Visuelle Identitäten zurückerobern

In den späten 1970er-Jahren wurde Iturbide zu einer der zentralen Figuren einer wachsenden Bewegung lateinamerikanischer Fotografen, die sich zusammentaten, um die visuellen Identitäten ihrer Länder von den Blicken ausländischer Fotografen „zurückzuerobern“. 1978 wurde sie vom Ethnographischen Archiv des Nationalen Instituts für indigene Völker in Mexiko beauftragt, im Rahmen einer umfassenderen Initiative zur Wiederbelebung der indigenen Kulturen die indigene Bevölkerung des Landes zu fotografieren.

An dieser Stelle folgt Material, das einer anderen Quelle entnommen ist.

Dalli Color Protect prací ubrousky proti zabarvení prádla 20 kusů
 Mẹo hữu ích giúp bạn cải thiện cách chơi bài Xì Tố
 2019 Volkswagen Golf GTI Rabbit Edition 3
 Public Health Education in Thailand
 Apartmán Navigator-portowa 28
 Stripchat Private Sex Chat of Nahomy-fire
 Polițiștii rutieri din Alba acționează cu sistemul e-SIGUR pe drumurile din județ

In Zusammenarbeit mit dem Anthropologen Luis Barjau beschäftigte sie sich eingehend mit der Gemeinschaft der Seri-Indianer, lernte ihre Bräuche kennen und dokumentierte ihre Lebensweise, mit besonderem Augenmerk auf ihre erzwungene Anpassung an den Kapitalismus. Die Ergebnisse der gemeinsamen Arbeit von Barjau und Iturbide wurden 1981 in dem Buch Los que viven en la arena (Die im Sand leben) veröffentlicht. Zur damaligen Zeit war dies eine der wenigen mexikanischen Studien neben Hunderten von US-amerikanischen, und das Buch wurde sofort für seine authentischere Sichtweise gerühmt. Die Erfahrungen aus dem Leben mit den Seri markierten den Beginn eines bedeutenden Teils von Iturbides Karriere. Sie verstärkten ihr großes Interesse an der Erkundung ihres Heimatlands und ihren Wunsch, Beziehungen zu seiner vielfältigen Bevölkerung aufzubauen und diese zu fotografieren.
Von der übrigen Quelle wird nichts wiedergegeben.